In genetics and cell biology, repression is a mechanism often used to decrease or inhibit the expression of a gene. Removal of repression is called derepression. This mechanism may occur at different stages in the expression of a gene, with the result of increasing the overall RNA or protein products. Dysregulation of derepression mechanisms can result in altered gene expression patterns, which may lead to negative phenotypic consequences such as disease.
Derepression of transcription
Transcription can be repressed in a variety of ways, and therefore can be derepressed in different ways as well. A common mechanism is allosteric regulation. This is when a substrate binds a repressor protein and causes it to undergo a conformational change. If the repressor is bound upstream of a gene, such as in an operator sequence, then it would be repressing the gene's expression. This conformational change would take away the repressor’s ability to bind DNA, thus removing its repressive effect on transcription.

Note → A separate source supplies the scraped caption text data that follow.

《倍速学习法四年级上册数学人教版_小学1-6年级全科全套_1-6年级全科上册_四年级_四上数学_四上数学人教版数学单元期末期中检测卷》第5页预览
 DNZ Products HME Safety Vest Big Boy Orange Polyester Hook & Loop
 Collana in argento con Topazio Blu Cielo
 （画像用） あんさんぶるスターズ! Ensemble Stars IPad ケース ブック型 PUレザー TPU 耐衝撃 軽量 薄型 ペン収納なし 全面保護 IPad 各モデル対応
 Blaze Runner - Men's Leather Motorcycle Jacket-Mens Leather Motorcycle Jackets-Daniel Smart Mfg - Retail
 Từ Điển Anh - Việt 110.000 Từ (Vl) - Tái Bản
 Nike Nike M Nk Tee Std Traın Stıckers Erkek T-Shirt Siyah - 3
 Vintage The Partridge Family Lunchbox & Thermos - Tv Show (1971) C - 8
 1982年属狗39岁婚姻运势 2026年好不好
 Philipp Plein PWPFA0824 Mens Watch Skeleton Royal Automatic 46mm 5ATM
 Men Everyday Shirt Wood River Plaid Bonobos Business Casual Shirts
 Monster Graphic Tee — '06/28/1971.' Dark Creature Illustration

Another form of transcriptional derepression uses chromatin remodeling complexes. For transcription to occur, RNA polymerase needs to have access to the promoter sequence of the gene or it cannot bind the DNA. Sometimes these sequences are wrapped around nucleosomes or are in condensed heterochromatin regions, and are therefore inaccessible. Through different chromatin remodeling mechanisms these promoter sequences can become accessible to the RNA polymerase, and transcription becomes derepressed.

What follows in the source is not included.